Il y a encore beaucoup d’ambiguïté sur la nature d’une réserve de Bitcoin. La réserve elle-même n’inclura que le bitcoin, mais il existera un fonds distinct pour les autres monnaies. Le bitcoin et d’autres crypto-monnaies seront prélevés sur des actifs saisis détenus par les autorités fédérales
« Ces actions ont le potentiel de profiter aux investisseurs milliardaires, aux initiés de l’administration Trump et aux spéculateurs au détriment des familles de la classe moyenne », a écrit Warren dans sa lettre à David Sacks
« La réserve stratégique de crypto-monnaies prévue n’est que l’exemple le plus récent d’une politique cryptographique de l’administration Trump ayant le potentiel de bénéficier à quelques personnes riches et bien connectées aux dépens des contribuables ».

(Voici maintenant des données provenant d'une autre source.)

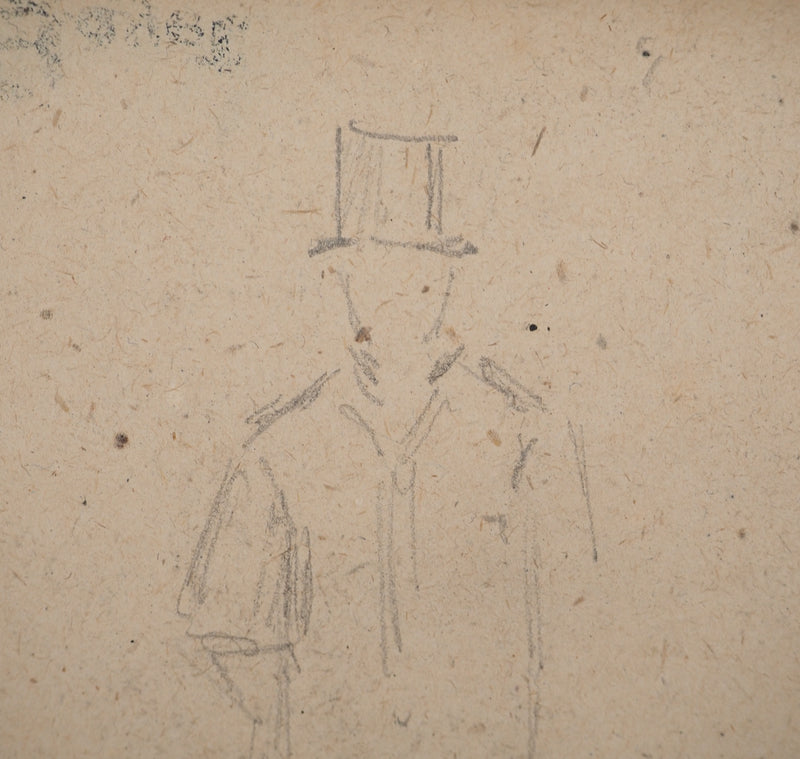 Louis HAYET : Silhouette masculine, Dessin original (photo de détail 4) - Crédit photo : Galerie Art.Paris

« Pas plus tard que la semaine dernière, par exemple, la (SEC) de la Securities and Exchange Commission, présidée par Mark Uyeda, qui a été choisi comme président par intérim par le président Trump, a publié une déclaration du personnel affirmant que la plupart des pièces mèmes ne sont pas des valeurs mobilières et, par conséquent, ne sont pas soumises aux garanties fédérales en matière de valeurs mobilières ».
Warren a demandé l’identité de toute personne qui a aidé Trump à décider quelles crypto-monnaies inclure dans les fonds. Elle voulait savoir s’il y avait des conflits d’intérêts ou si quelqu’un conseillait le projet avec des avoirs en cryptomonnaies.
« Les pièces mèmes sont connues pour leur forte volatilité et leurs « rug pulls », a écrit Warren, « où une pièce est « lancée et rapidement abandonnée, laissant les investisseurs avec de lourdes pertes ». Malgré le préjudice évident de ces systèmes pour les consommateurs, la déclaration de la SEC pourrait « protéger les entreprises et les individus qui créent des pièces mèmes contre d’éventuels litiges ».
Howard Lutnick, coordinateur de la guerre commerciale entre les États-Unis et la Chine, a dû faire preuve de transparence lorsque ses liens financiers avec la Chine ont été rendus publics. Une action similaire pourrait devoir être prise à l’égard de David Sacks pour rassurer le public sur la légitimité d’un fonds de réserve Bitcoin.